As if summoned by this thought, a face loomed into view, staring down at him, merciless despite her chosen name.

“Guan-yin,” he mumbled. He lifted a hand toward her, but with a tremble, he dropped it, too weak. “Pak has my wife . . . my unborn son.”

Her face remained impassive, as hard as the scales on her dragon, not accepting his excuse.

“I’m sorry,” he gasped out, tasting blood on his lips. “I . . . I love them so much . . . please help them.”

“Why should I help you? After what you’ve done?”

“I tried . . . how I could . . . to help.”

A single line creased her brow.

“How did you think you found us?” he said, gasping around a twinge of pain. “Tracked Pak and me to this island?”

“Like you, I have ears everywhere. I heard you left North Korea for Mongolia. So I followed, trailed you. I knew you must still be going after—”

He cut her off. “Who do you think spoke to those many ears of yours? I told them to speak to you.”

It was the truth. Ju-long had to be discreet while with Pak. Using the excuse of monitoring the assassin’s tracker, he was able to regularly call Macau and manipulate matters from afar. While he could not raise his own army in Macau without alerting the North Koreans and risking his pregnant wife’s life, he attempted to raise another, to stoke the hatred of Guan-yin to come to his aid.

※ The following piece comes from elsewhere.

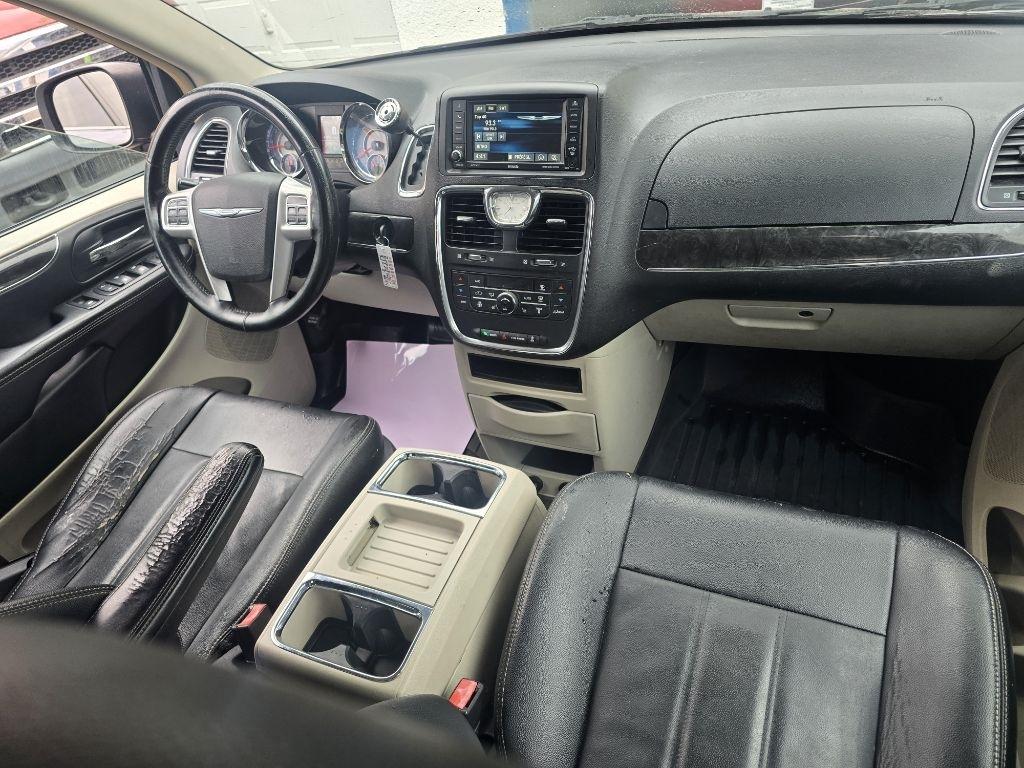 Chrysler Town & Country  2015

He remembered the surprise of the sword piercing his chest.

Apparently he had stoked that hatred too well.

A small miscalculation.

“I drew you here to kill Pak, possibly to free me,” he said with a small laugh full of blood. “To perhaps mend our fences in the end.”

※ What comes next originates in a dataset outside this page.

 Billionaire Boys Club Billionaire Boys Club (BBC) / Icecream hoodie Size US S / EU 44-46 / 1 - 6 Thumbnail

Now all that matters is my beautiful Natalia . . . and the son I will never see . . .

Guan-yin leaned back. He saw she believed him. Still, was that enough for her to help? She was not known for the quality of her mercy.

“I will find them,” she finally promised. “I will free them.”

A single tear of relief rolled down his cheek. He knew she would not fail him.

Thank you.

With this burden lifted from him, he allowed his eyes to close—but before they did, another face appeared next to Guan-yin, the pretty assassin who had caused so much trouble.

Only then did he see the resemblance.

One next to the other.

Mother and daughter.

He now understood the cause of his small miscalculation. In the end, it had never been about money or turf—only family.

No wonder you stabbed me.

Finally recognizing the error of his ways, his own silent laughter followed him into oblivion.

9:56 A.M.

“So that’s how you knew how to find us,” Gray said, standing behind Seichan and her mother, eavesdropping on the conversation.

He carried a pistol and guarded over them, as Monk and Kowalski helped the rest of the Triad mop up the situation on the ice.